Facebook is offering a massive cash payout to anyone who can build an AI that identifies “hateful” memes
Facebook announced the launch of a bizarre competition called the “Hateful Memes Challenge” this week, in which researchers will compete for a $100,000 prize pool by developing artificial intelligence that can identify “hate speech” in memes.
Facebook declared that it had created over 10,000 “hateful memes,” which will be used as a data set to train the AIs created during the Hateful Memes Challenge.
The tech giant has a reputation for pouring massive amounts of cash and manpower into programs aimed at censoring jokes and opinions it classifies as “hate speech,” even as users complain about glitches, user interface issues, and illegal content proliferating on the platform.

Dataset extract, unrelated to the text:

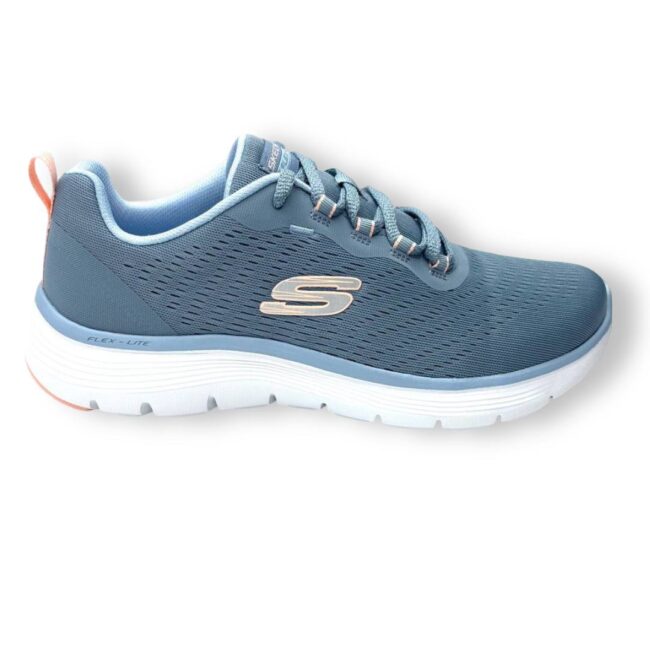 skechers-archfit2-piedra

Facebook describes the urgent need for AI that can identify “hateful memes” thusly: “In order for AI to become a more effective tool for detecting hate speech, it must be able to understand content the way people do: holistically. When viewing a meme, for example, we don’t think about the words and photo independently of each other; we understand the combined meaning together. This is extremely challenging for machines, however, because it means they can’t just analyze the text and the image separately. They must combine these different modalities and understand how the meaning changes when they are presented together.”
The “hateful memes” data set will be only available to researchers and journalists, and Facebook has ensured there will be “strict restrictions on sharing the data” to prevent “misuse.”

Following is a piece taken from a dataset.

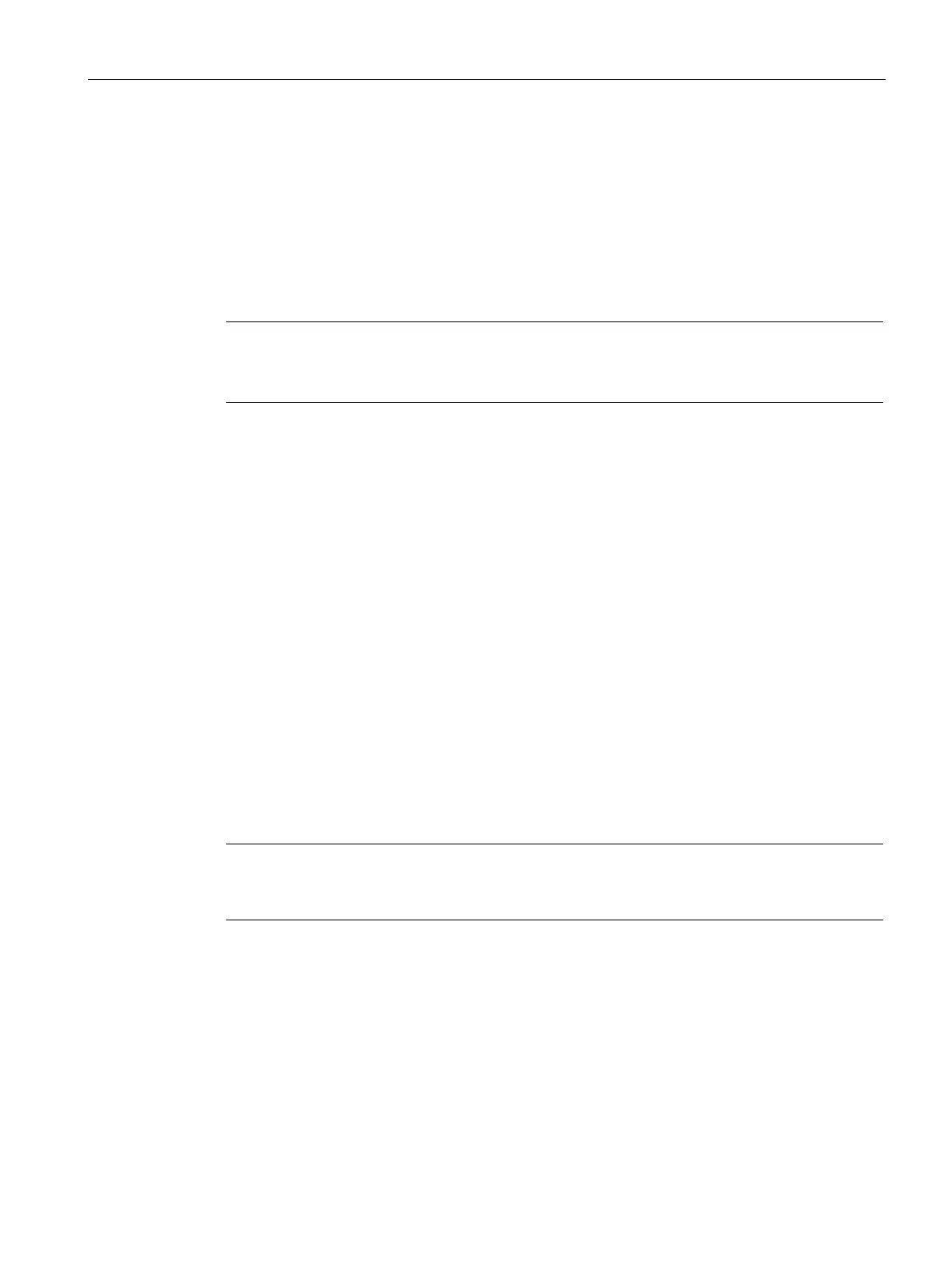 Page #341 background image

In related news, Facebook recently appointed a left-wing activist who insulted the President of the United States’ 14-year-old son for his first name to its “Supreme Court” Oversight Board, which will be in charge of deciding what content will be removed from the platform.

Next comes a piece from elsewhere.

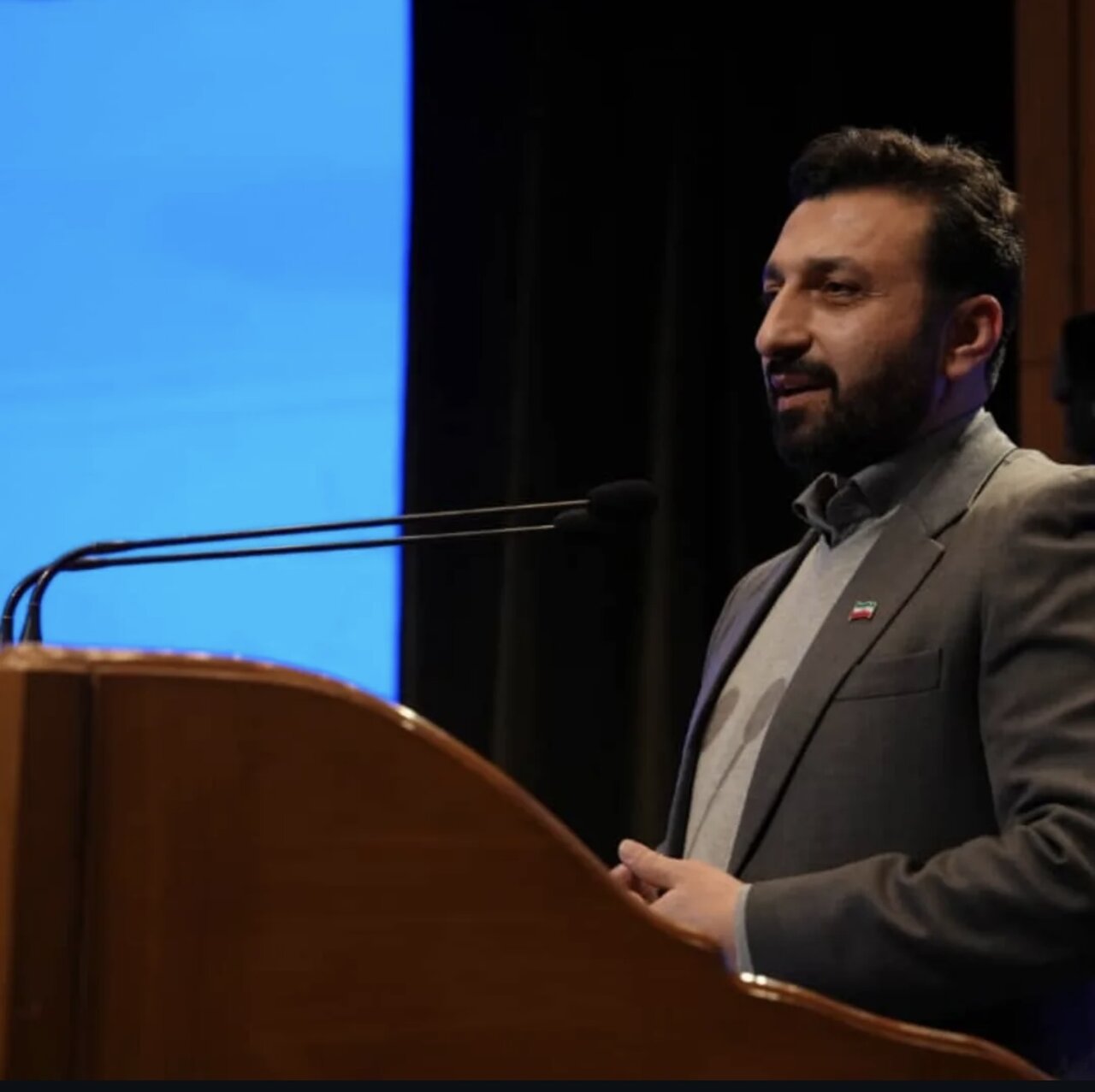 مدیرکل تعاون، کار و رفاه اجتماعی استان تهران : آنچه این کشور را از شر دشمن ‌حفظ می‌کند اتحاد ماست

This week, Facebook released the list of 20 people who will serve on its Oversight Board and decide what memes and news articles should be removed for breaking Facebook’s “Community Guidelines” on hate speech and misinformation.
Amongst the various controversial personalities on the list, which includes journalists, professors, activists, and former government officials including an ex-director general of the Israeli Ministry of Justice, is left-wing activist professor Pamela Karlan.
Karlan, who describes herself as a “snarky, bisexual Jewish woman,” previously made headlines last December when she brought up up President Donald Trump’s son Barron as a punchline during the failed impeachment hearings.